▶ _Activity_:
Return the lines below exactly, starting with the line that contains "Elevated Dog Bed" and stopping after the last line.

▶ _The records_:
^^^^

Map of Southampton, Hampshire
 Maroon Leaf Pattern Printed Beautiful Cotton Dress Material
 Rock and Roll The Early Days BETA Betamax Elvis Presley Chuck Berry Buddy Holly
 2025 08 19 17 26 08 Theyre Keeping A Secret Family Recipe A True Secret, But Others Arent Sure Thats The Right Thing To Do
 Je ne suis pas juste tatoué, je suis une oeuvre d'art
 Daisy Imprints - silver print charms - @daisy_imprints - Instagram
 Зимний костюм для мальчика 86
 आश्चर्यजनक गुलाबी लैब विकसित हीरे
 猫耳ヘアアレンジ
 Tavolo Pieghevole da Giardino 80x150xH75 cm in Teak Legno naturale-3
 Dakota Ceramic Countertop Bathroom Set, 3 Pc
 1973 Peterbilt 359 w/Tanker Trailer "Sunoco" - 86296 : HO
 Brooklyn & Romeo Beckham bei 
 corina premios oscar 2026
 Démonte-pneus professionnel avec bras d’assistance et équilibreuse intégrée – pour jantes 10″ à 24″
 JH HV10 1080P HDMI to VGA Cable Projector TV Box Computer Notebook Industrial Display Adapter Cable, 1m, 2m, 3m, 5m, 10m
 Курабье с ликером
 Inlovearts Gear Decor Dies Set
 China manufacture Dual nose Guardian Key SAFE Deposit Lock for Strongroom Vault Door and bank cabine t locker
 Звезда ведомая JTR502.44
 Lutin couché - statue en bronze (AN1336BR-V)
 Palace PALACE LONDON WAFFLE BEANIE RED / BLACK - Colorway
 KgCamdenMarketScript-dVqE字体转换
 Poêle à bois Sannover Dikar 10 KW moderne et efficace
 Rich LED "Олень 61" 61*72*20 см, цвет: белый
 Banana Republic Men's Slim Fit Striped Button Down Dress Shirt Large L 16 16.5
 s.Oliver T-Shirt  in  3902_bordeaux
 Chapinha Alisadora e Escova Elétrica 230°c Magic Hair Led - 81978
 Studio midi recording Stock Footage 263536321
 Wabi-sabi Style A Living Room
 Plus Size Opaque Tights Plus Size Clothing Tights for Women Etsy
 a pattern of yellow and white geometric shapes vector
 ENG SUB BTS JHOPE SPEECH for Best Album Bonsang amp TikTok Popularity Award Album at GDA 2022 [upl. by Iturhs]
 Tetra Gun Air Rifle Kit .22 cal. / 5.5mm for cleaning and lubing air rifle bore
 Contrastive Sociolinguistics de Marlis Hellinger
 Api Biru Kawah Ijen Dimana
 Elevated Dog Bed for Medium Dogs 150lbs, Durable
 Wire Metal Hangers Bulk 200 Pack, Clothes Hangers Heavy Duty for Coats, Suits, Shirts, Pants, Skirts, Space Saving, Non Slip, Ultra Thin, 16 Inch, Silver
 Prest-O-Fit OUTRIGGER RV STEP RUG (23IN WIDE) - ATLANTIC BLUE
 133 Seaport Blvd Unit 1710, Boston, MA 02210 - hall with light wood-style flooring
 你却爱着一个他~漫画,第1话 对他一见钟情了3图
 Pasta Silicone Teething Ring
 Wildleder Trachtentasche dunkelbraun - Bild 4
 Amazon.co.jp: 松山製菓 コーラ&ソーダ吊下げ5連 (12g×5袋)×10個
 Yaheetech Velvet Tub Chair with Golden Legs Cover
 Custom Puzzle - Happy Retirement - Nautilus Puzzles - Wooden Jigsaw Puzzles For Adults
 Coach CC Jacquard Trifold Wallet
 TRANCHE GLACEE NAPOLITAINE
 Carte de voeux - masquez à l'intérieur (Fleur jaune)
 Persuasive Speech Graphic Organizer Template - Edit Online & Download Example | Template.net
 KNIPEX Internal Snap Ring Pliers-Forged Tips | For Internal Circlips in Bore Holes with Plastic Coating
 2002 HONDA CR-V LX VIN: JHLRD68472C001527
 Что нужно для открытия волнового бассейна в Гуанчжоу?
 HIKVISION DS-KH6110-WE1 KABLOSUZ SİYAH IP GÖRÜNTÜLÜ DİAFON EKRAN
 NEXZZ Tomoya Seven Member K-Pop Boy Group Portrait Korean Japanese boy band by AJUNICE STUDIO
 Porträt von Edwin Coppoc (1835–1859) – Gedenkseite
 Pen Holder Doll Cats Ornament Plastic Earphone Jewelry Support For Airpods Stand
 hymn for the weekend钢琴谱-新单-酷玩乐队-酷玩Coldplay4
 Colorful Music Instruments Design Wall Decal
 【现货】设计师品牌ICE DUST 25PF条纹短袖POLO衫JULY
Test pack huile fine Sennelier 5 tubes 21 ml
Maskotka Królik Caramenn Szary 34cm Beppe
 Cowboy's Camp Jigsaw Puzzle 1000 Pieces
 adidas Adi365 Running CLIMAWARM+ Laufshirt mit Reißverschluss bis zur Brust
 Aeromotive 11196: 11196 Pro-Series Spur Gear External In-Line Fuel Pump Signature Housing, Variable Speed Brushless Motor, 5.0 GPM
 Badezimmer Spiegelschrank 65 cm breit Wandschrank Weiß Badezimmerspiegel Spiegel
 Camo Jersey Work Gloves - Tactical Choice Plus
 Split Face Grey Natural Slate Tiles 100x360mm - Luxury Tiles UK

^^^^

▶ _Written reply_:
 Elevated Dog Bed for Medium Dogs 150lbs, Durable
 Wire Metal Hangers Bulk 200 Pack, Clothes Hangers Heavy Duty for Coats, Suits, Shirts, Pants, Skirts, Space Saving, Non Slip, Ultra Thin, 16 Inch, Silver
 Prest-O-Fit OUTRIGGER RV STEP RUG (23IN WIDE) - ATLANTIC BLUE
 133 Seaport Blvd Unit 1710, Boston, MA 02210 - hall with light wood-style flooring
 你却爱着一个他~漫画,第1话 对他一见钟情了3图
 Pasta Silicone Teething Ring
 Wildleder Trachtentasche dunkelbraun - Bild 4
 Amazon.co.jp: 松山製菓 コーラ&ソーダ吊下げ5連 (12g×5袋)×10個
 Yaheetech Velvet Tub Chair with Golden Legs Cover
 Custom Puzzle - Happy Retirement - Nautilus Puzzles - Wooden Jigsaw Puzzles For Adults
 Coach CC Jacquard Trifold Wallet
 TRANCHE GLACEE NAPOLITAINE
 Carte de voeux - masquez à l'intérieur (Fleur jaune)
 Persuasive Speech Graphic Organizer Template - Edit Online & Download Example | Template.net
 KNIPEX Internal Snap Ring Pliers-Forged Tips | For Internal Circlips in Bore Holes with Plastic Coating
 2002 HONDA CR-V LX VIN: JHLRD68472C001527
 Что нужно для открытия волнового бассейна в Гуанчжоу?
 HIKVISION DS-KH6110-WE1 KABLOSUZ SİYAH IP GÖRÜNTÜLÜ DİAFON EKRAN
 NEXZZ Tomoya Seven Member K-Pop Boy Group Portrait Korean Japanese boy band by AJUNICE STUDIO
 Porträt von Edwin Coppoc (1835–1859) – Gedenkseite
 Pen Holder Doll Cats Ornament Plastic Earphone Jewelry Support For Airpods Stand
 hymn for the weekend钢琴谱-新单-酷玩乐队-酷玩Coldplay4
 Colorful Music Instruments Design Wall Decal
 【现货】设计师品牌ICE DUST 25PF条纹短袖POLO衫JULY
Test pack huile fine Sennelier 5 tubes 21 ml
Maskotka Królik Caramenn Szary 34cm Beppe
 Cowboy's Camp Jigsaw Puzzle 1000 Pieces
 adidas Adi365 Running CLIMAWARM+ Laufshirt mit Reißverschluss bis zur Brust
 Aeromotive 11196: 11196 Pro-Series Spur Gear External In-Line Fuel Pump Signature Housing, Variable Speed Brushless Motor, 5.0 GPM
 Badezimmer Spiegelschrank 65 cm breit Wandschrank Weiß Badezimmerspiegel Spiegel
 Camo Jersey Work Gloves - Tactical Choice Plus
 Split Face Grey Natural Slate Tiles 100x360mm - Luxury Tiles UK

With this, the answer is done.